* _Task inputs_:
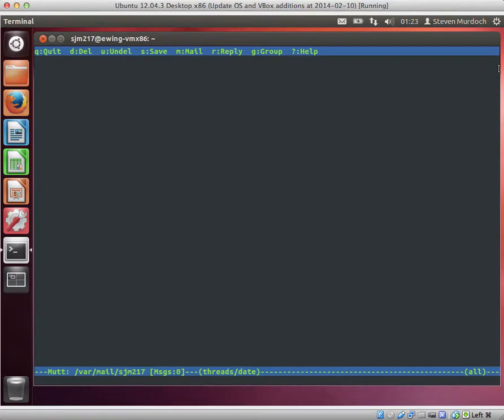Here we're going to send an anonymous email through MixMaster using the mutt email client.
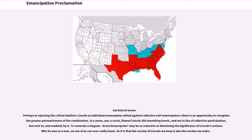Perhaps in rejecting the critical dualism of Lincoln as individual emancipator pitted against collective self-emancipators, there is an opportunity to recognize the greater persuasiveness of the combination. In a sense, yes, a racist and flawed Lincoln did something heroic, and not in lieu of collective participation, but next to and enabled by it. To venerate a singular great emancipator may be as reductive as dismissing the significance of Lincoln's actions. Who he was as a man, no one of us can ever really know. So it is that the version of Lincoln we keep is also the version we make.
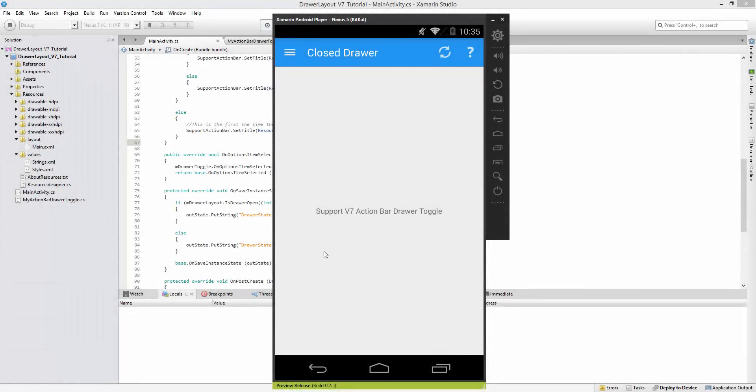Hey everybody, what's up? Welcome to the 50th Xamarin Android tutorial. This is going to be the last video on the drawer layout using the new action bar drawer toggle.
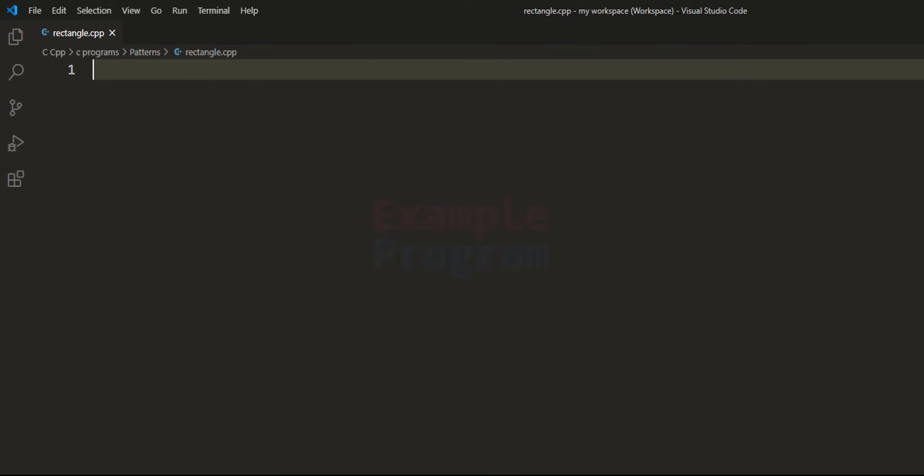Welcome to the channel. In this tutorial we will see how we can write a C++ program to find out the area and the perimeter of a rectangle when we have length and width values available.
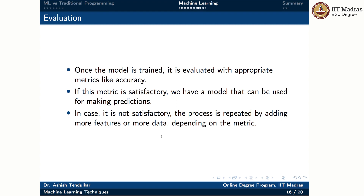If the model does not have a satisfactory metric, we need to repeat the process. This can be done by either adding more features or getting more data. In the case of handwritten digit recognition, we train a model with training data by fixing some kind of model and learning its parameters through optimization of the loss function. This is one of the potential ways to solve this problem robustly, particularly where humans are good at the task but unable to list the steps to solve it.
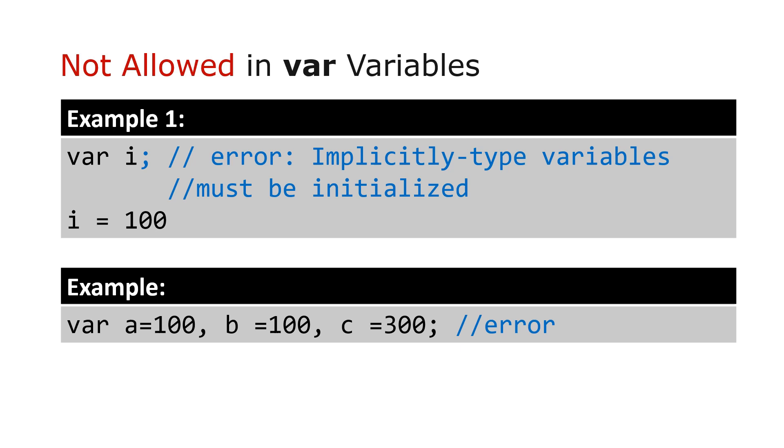In example 2, we cannot also declare var variables in a single statement. So this statement is invalid.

* _Aim of the exercise_:
Wherever an image appears, omit it; copy the rest of the records exactly.

* _Expected answer_:
Here we're going to send an anonymous email through MixMaster using the mutt email client.
Perhaps in rejecting the critical dualism of Lincoln as individual emancipator pitted against collective self-emancipators, there is an opportunity to recognize the greater persuasiveness of the combination. In a sense, yes, a racist and flawed Lincoln did something heroic, and not in lieu of collective participation, but next to and enabled by it. To venerate a singular great emancipator may be as reductive as dismissing the significance of Lincoln's actions. Who he was as a man, no one of us can ever really know. So it is that the version of Lincoln we keep is also the version we make.
Hey everybody, what's up? Welcome to the 50th Xamarin Android tutorial. This is going to be the last video on the drawer layout using the new action bar drawer toggle.
Welcome to the channel. In this tutorial we will see how we can write a C++ program to find out the area and the perimeter of a rectangle when we have length and width values available.
If the model does not have a satisfactory metric, we need to repeat the process. This can be done by either adding more features or getting more data. In the case of handwritten digit recognition, we train a model with training data by fixing some kind of model and learning its parameters through optimization of the loss function. This is one of the potential ways to solve this problem robustly, particularly where humans are good at the task but unable to list the steps to solve it.
In example 2, we cannot also declare var variables in a single statement. So this statement is invalid.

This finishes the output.